▶ WHAT YOU SHOULD DO
Could you repeat, word for word, the line with "Meet your Posher, Carlye" and every line after it in the records below, leaving out any pictures?

▶ DATA FOR REVIEW

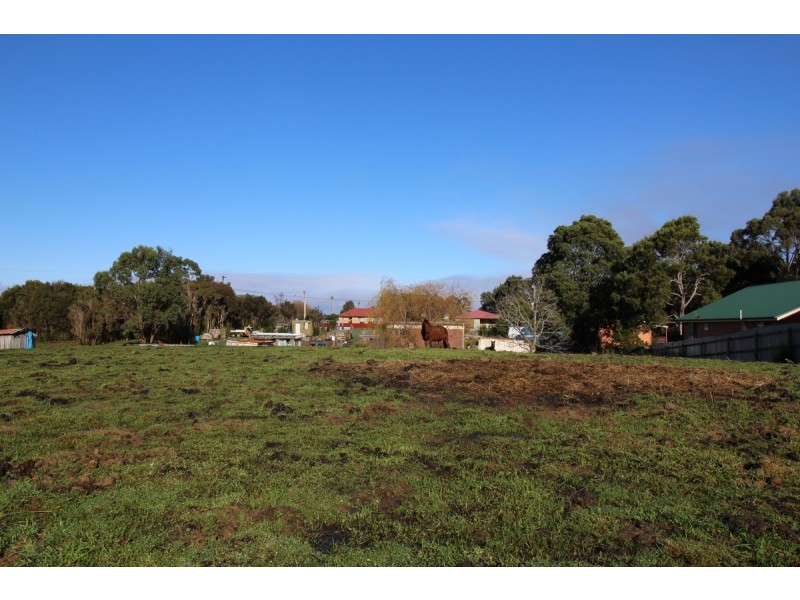 30 – 32 Harvey Street, Strahan TAS 7468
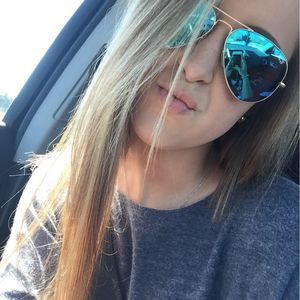 Meet your Posher, Carlye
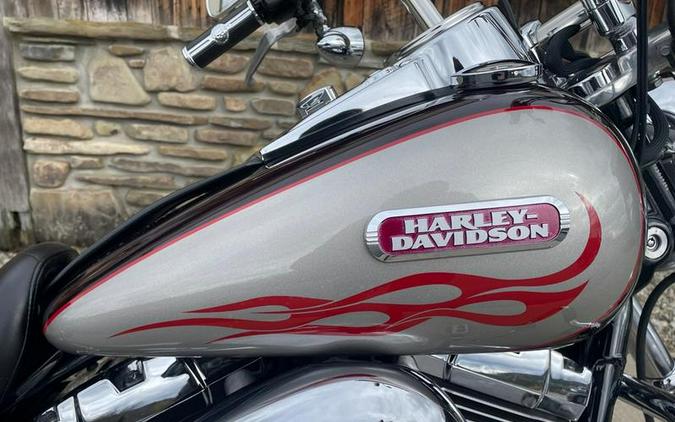 2006 Harley-Davidson® FXDWGI - Dyna® Wide Glide®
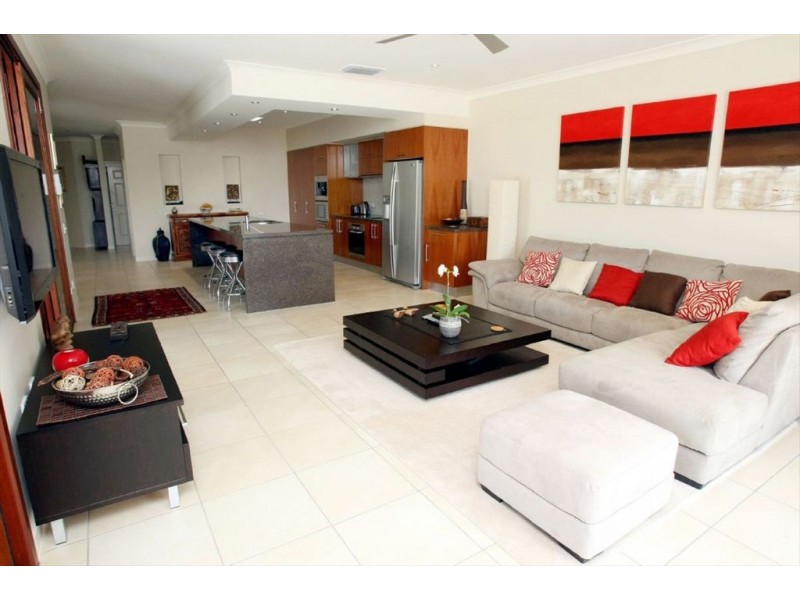 48 Charolais Crescent, Benowa Waters QLD 4217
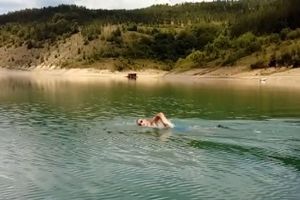 NESVAKIDAŠNJI PODVIG: Gimnazijalac iz Pirota preplivao Zavojsko jezero za četiri sata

▶ RESULT FOR THIS EXERCISE
 Meet your Posher, Carlye
 2006 Harley-Davidson® FXDWGI - Dyna® Wide Glide®
 48 Charolais Crescent, Benowa Waters QLD 4217
 NESVAKIDAŠNJI PODVIG: Gimnazijalac iz Pirota preplivao Zavojsko jezero za četiri sata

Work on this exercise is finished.